Подобно тому как Спартак-герой служил политическим талисманом для самых разных течений у разных наций, балет «Спартак» воспринимался как символ сопротивления социализму, а фильм «Спартак» – как вызов капитализму. Кубрик объяснял, что кульминационная сцена в его фильме, где захваченных рабов просят опознать Спартака в обмен на снисхождение, а вместо этого каждый раб объявляет себя Спартаком, тем самым разделяя его судьбу, основана на истории, которую он слышал о временах Холокоста. Кубрик восхищенно рассказывал:
Эсэсовцы провели смотр английских пленных и приказали всем евреям сделать один шаг вперед. Один или два сделали это. Эсэсовец крикнул, что если есть другие, то им лучше признаться, когда он досчитает до трех. Угроза в его голосе каким-то образом убедила пленных в том, что может случиться с теми немногими евреями, которые будут выделены из их числа. Раз, два… при крике «три» все пленные шагнули вперед. Хорошая сцена[250]

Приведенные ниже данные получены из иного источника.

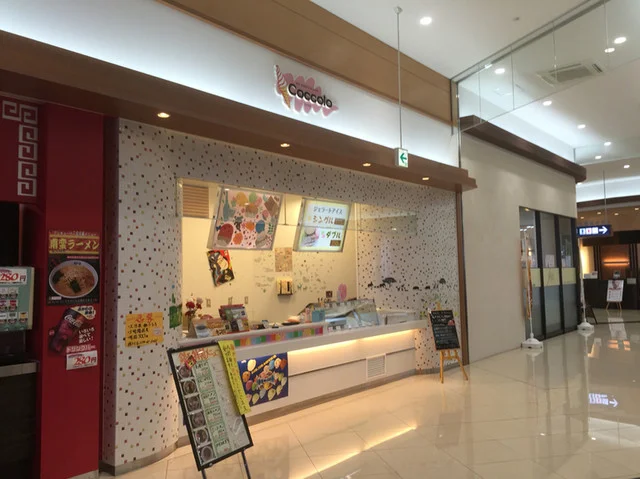 コッコロ 銀河モール花巻店（Coccolo） - 花巻（ジェラート・アイスクリーム）の写真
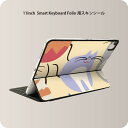 Smart Keyboard Folio 用 スキンシール 11インチ iPad Pro用 第1-4世代 iPad Air 第4-5世代 対応 全面スキンシール フル 前面 背面 保護シール 人気 004344 猫 キャラクター(2)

.У Якобсона не было свободы прямо говорить в своем «Спартаке» о каких-либо конкретных культурных группах, но его зрители могли создать в своем воображении собственные повествования.
Советское руководство отправило со своими артистами в качестве сопровождающих агентов КГБ, в то время как американцы взяли с собой двух самых влиятельных балетных критиков того периода. Неудивительно, что эти авторы описывали обмен между Большим и «Нью-Йорк Сити балетом» 1962 года как встречу, из которой одна труппа и страна выйдут творческими победителями, а другая окажется побежденной. Якобсон и его «Спартак» стали жертвой этих интеллектуальных стычек. Балетные гастрольные обмены, возможно, и считались своего рода дипломатией холодной войны, но в 1962 году они сами стали ее фронтом. Государственные интересы и конкуренция были перенесены на балетные труппы, а балетная критика усилила поляризованные взгляды. Балетные критики бросали риторические колкости: одна труппа – «Нью-Йорк Сити балет» – считалась свободной, модернистской и социально смелой в расовом вопросе, а другая, Большой театр, воспринималась как укрепляющая статус-кво.